The Pelican Island National Wildlife Refuge entrance is a dusty road off A1A, 15 miles north of Vero Beach. A three mile wide section of the Intracoastal Way, it separates mainland Central Florida from the citrus-rich barrier Orchid Island on the Atlantic Ocean. Subsequent acquisitions have increased the size of this refuge from the original tiny island to 4,760 acres of protected islands and open waters.
It boasts a complex ecological system that supports hundreds of species of birds, fish, plants, and mammals, including 14 federally listed threatened or endangered species. At least 16 different bird species nest on Pelican Island, but brown and white pelicans are the star attractions. These large fish-eating birds with deep-pocket bills are always present.
Kayakers paddle through the shallow waters alongside thick black and red mangroves while graceful dolphins glide by and gentle manatees loaf along. Pelican Island is also a nursery ground for juvenile green sea turtles. In spring and summer, hundreds of brown pelicans nest on the island. Keep an eye out for the endangered wood storks, as well as egrets, herons, ibises, anhingas, oystercatchers, and cormorants. They all hang out here. Sunset brings on a spectacular show as hundreds of birds fly to the island to roost.
Travel a dozen miles north up Route 1 and you arrive at the village of Sebastian with its "Old Florida" charm. Walking along Sebastian's riverfront you pass old fish houses and dockside restaurants overlooking marinas harboring pleasure boats of all sizes.

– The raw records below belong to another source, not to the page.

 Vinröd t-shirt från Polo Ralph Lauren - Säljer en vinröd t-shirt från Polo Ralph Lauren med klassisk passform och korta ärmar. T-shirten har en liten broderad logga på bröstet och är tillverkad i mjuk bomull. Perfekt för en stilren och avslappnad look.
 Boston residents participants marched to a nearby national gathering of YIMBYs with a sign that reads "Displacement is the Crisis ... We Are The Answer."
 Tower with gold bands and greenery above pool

Known for the rare antiquities that have washed upon its shores, the shipwreck from the 1715 Spanish Plate Fleet left many treasures along its coast. Today, treasure hunters continue to search for artifacts lost in history.
With a grant of over $3 million dollars, the City of Sebastian is well into creating a working waterfront on the Indian River. Known as "Fisherman's Landing Sebastian" it was created to promote commercial fishing in Florida and its history.

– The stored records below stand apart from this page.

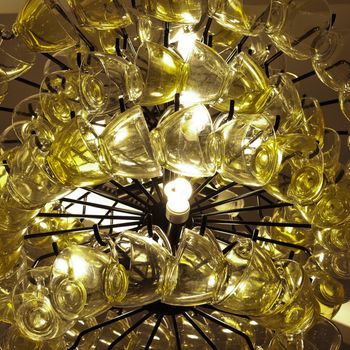 Close up Contemporary chandelier made of many yellow coffee cups.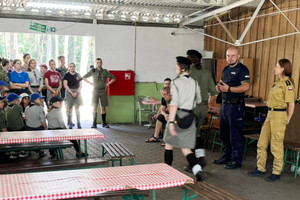 Na zdjęciu widać policjanta oraz przedstawicielkę straż pożarnej na spotkaniu z obozowiczami.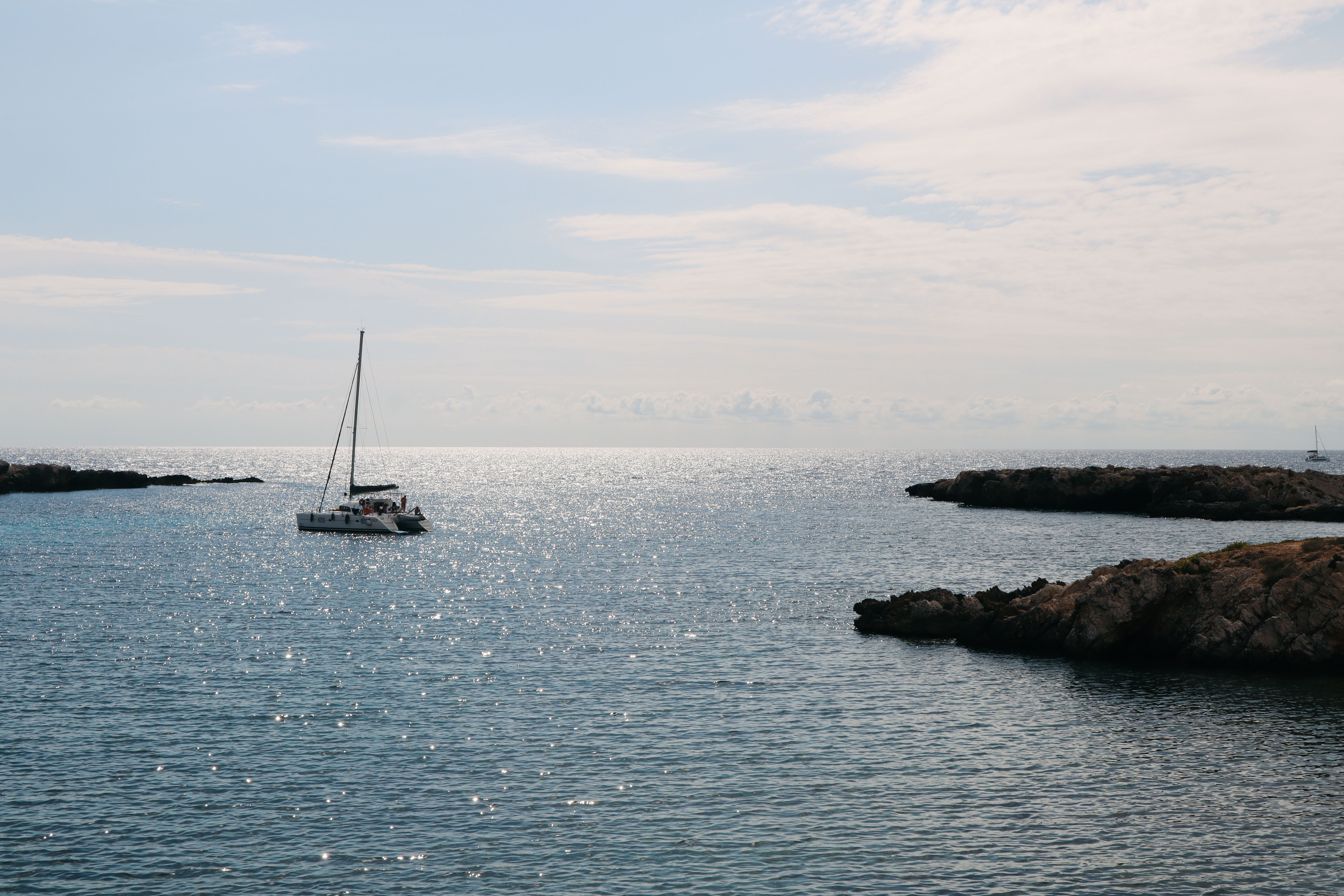 Best Tour to Figarolo Island with the Possibility to Observe Dolphins Review: A Complete Guide to This Unforgettable Sardinian Adventure Review 2026 - A serene sailboat on the sparkling waters off Sicilia's rocky coastline, capturing tranquility and adventure.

Drop into Crab E Bill's which offers only day boat fish from local commercial fishermen not caught on long lines or netted. Set in an 84-year-old renovated landmark building, this expansive market showcases a couple dozen catches-- everything from snapper, grouper, pompano and a large selection of crab to pumpkin salmon (orange in color), succulent sea and bay scallops, lobsters and a nice variety of shrimp. This casual restaurant overlooks the Indian River. Order at the counter and then grab a seat.
Wesley Campbell grew up in Montego Bay, Jamaica where he discovered his passion to cook watching his parents grilling jerk chicken in fire pits. Today, Campbell is celebrated for the superb ingredients and dazzling presentations at his award winning Mo-Bay Grill. A few winners: curried tiger shrimp with mashed sweet potatoes and home-made cole slaw, oxtail soup and gently fried cod fritters served with a cherry pepper rémoulade. Save room for the toasted coconut rice pudding.
Finally, pay a visit to Captain Hiram's. A Bahamian-style hangout, the outdoor sand bar is a great place to hang out at the lively pastel colored tables surrounded by coconut palms with a gorgeous view of the marina and Indian River. Fishing charters brimming with the day's catch draw a regular crowd of onlookers to the docks. The Sandbar’s two live music stages regularly host an extensive line-up of national and regional bands, including reggae legends like Toots and the Maytals. Order a Goombay Smash or Shipwreck Mango Mojito and soak in the island vibe.